# The Danger In Prosperity



## Blueridge Believer (Oct 16, 2007)

Three worms which often breed in prosperity

(Thomas Watson, "The Lord's Prayer")

"Give us this day our daily bread." Matthew 6:11

To make us content with "daily bread," though God 
straitens us in our allowance, think seriously of the 
danger there is in a high, prosperous condition. 

Some are not content with "daily bread," but desire 
to have their barns filled, and heap up silver as dust; 
which proves a snare to them. "Those who will be rich 
fall into a snare." 1 Tim 6:9. Pride, idleness, and lust--
are three worms which often breed in prosperity. 

Prosperity often deafens the ear against God. "I spoke 
unto you in your prosperity, but you said--I will not hear." 
Jer 22:21. Soft pleasures harden the heart. In the body, 
the more fat--the less vitality. Just so, the more outward 
plenty--often the less piety. 

Prosperity has its honey--and also its sting! Anxious care 
is the evil spirit which haunts the rich man--and will not 
let him rest. When his chests are full of money--his heart 
is full of care, either how to manage or how to increase, 
or how to secure what he has gotten. 

Should this not make us content with that allowance which 
God gives us--if we have daily bread, though not dainties? 
Think of the danger of prosperity! The spreading of a full 
table may be the spreading of a snare! Many have been 
sunk to hell, with golden weights! 

"People who want to get rich fall into temptation and 
a trap and into many foolish and harmful desires that
plunge men into ruin and destruction!" 1 Timothy 6:9. 

The world's golden sands are quicksands, which should 
make us take our daily bread, though it be but coarse, 
contentedly.
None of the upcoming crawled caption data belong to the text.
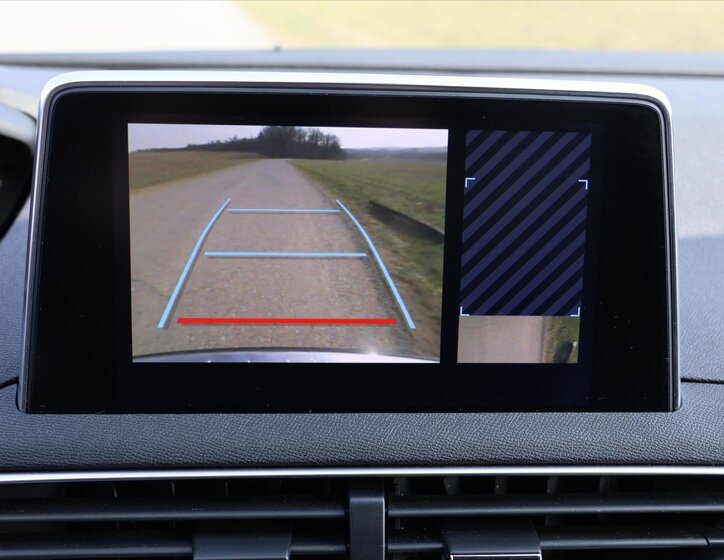 Peugeot 5008 SUV / Terénní 1,2 l 96 kw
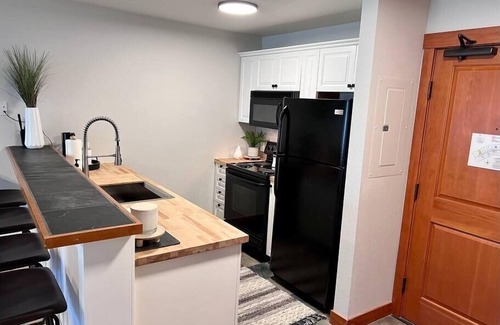 Salt Lake Mountain Resorts Apartment | New! Eagle Springs Chalet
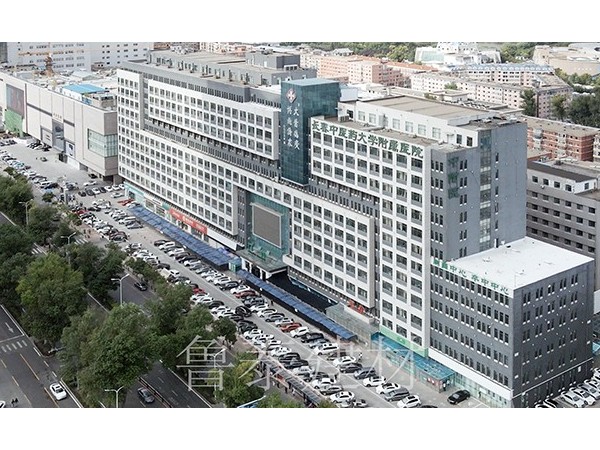 吉林省中醫院（長春中醫藥大學附屬醫院）—魯泰無機預涂板應用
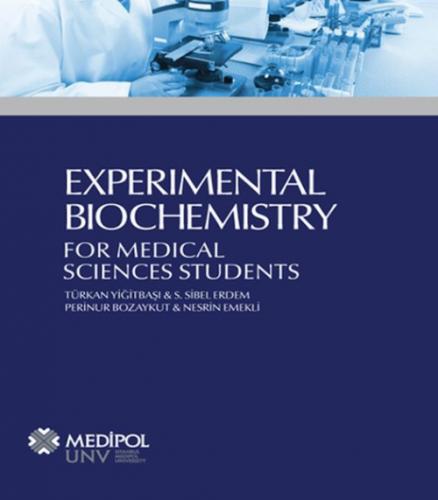 Experimental Biochemistry  Frontansicht 1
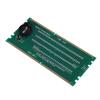 Светодиодная подсветка Тестовая карта DDR2 DDR3 Высокая твердость Портативная тестовая карта для материнской платы настольного компьютера Многофункциональный тестер материнской платы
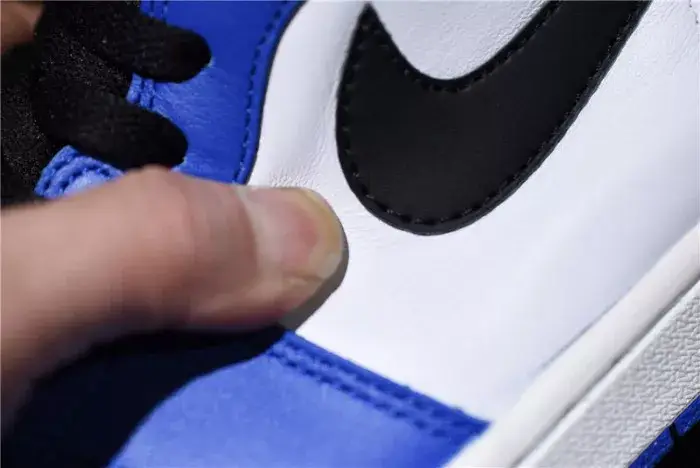 Minimalist 327 Jordan 1 Retro High Game Royal 555088-403 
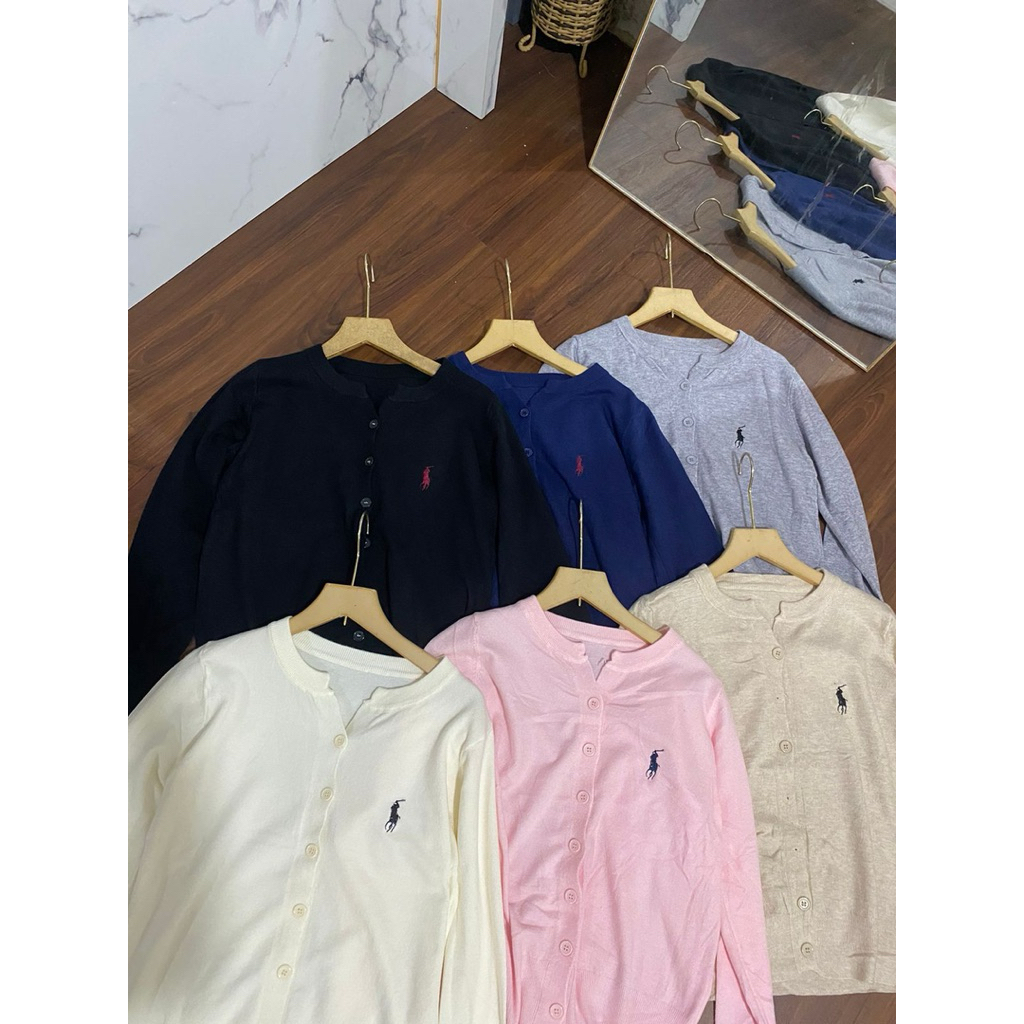 Atasan Wanita SWEATER POLO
If we have less prosperity--we have less 
snare. As we lack the rich provisions of the world--so 
we lack their temptations. "If we have food and clothing, 
we will be content with that." 1 Timothy 6:8. 

If God keeps us to a spare diet--if He gives us less of 
temporal things--He has made it up in spiritual things. 
He has given us the Pearl of great price--the Lord Jesus,
who is the quintessence of all good things. To give us 
Christ, is more than if God had given us all the world. 
He can make more worlds--but He has no more Christs 
to bestow. Christ is such a golden mine, that the angels 
cannot dig to the bottom! His riches are unsearchable! 
Ephes. 3:8. From Christ we have justification, adoption 
and glorification!

Consider that it is not having an abundance, which makes 
us content. It is not a fancy cage which will make the bird
sing. Having an abundance may make one less content. 
One staff may help the traveler--but a bundle of staffs 
will be a burden to him. A great estate may be like a 
long trailing garment--more burdensome than useful. 

He who can say, "My God," has enough to rock his 
heart quiet in the lowest condition. What can he lack
--who has the all-sufficient God for his portion!

"Keep your lives free from the love of money and be
content with what you have, because God has said, 
Never will I leave you; never will I forsake you." 
Hebrews 13:5


----------



## Blue Tick (Oct 16, 2007)

Always encouraging!


----------



## Pergamum (Oct 16, 2007)

Yep..just like Paul says, the lack of money is the root of all evil...


OH wait a minute!!!

The LOVE of money......man, how did I mix that up? (been listening to too much TBN I guess)....


----------



## Blueridge Believer (Oct 16, 2007)

Pergamum said:


> Yep..just like Paul says, the lack of money is the root of all evil...
> 
> 
> OH wait a minute!!!
> ...



Maybe you've been watching this guy:


----------



## lwadkins (Oct 16, 2007)

Yep, I can become a better me !


----------



## MrMerlin777 (Oct 16, 2007)

Thank you brother James for posting this.


----------



## Blueridge Believer (Oct 16, 2007)

Blueridge Baptist said:


> Pergamum said:
> 
> 
> > Yep..just like Paul says, the lack of money is the root of all evil...
> ...




Joel Osteen is really cool! He can bench press 300 lbs !!!!


----------



## JM (Oct 16, 2007)

Reminds me of: "Indeed extreme poverty is a snare to man, as well as the abundance of wealth." William Huntington


----------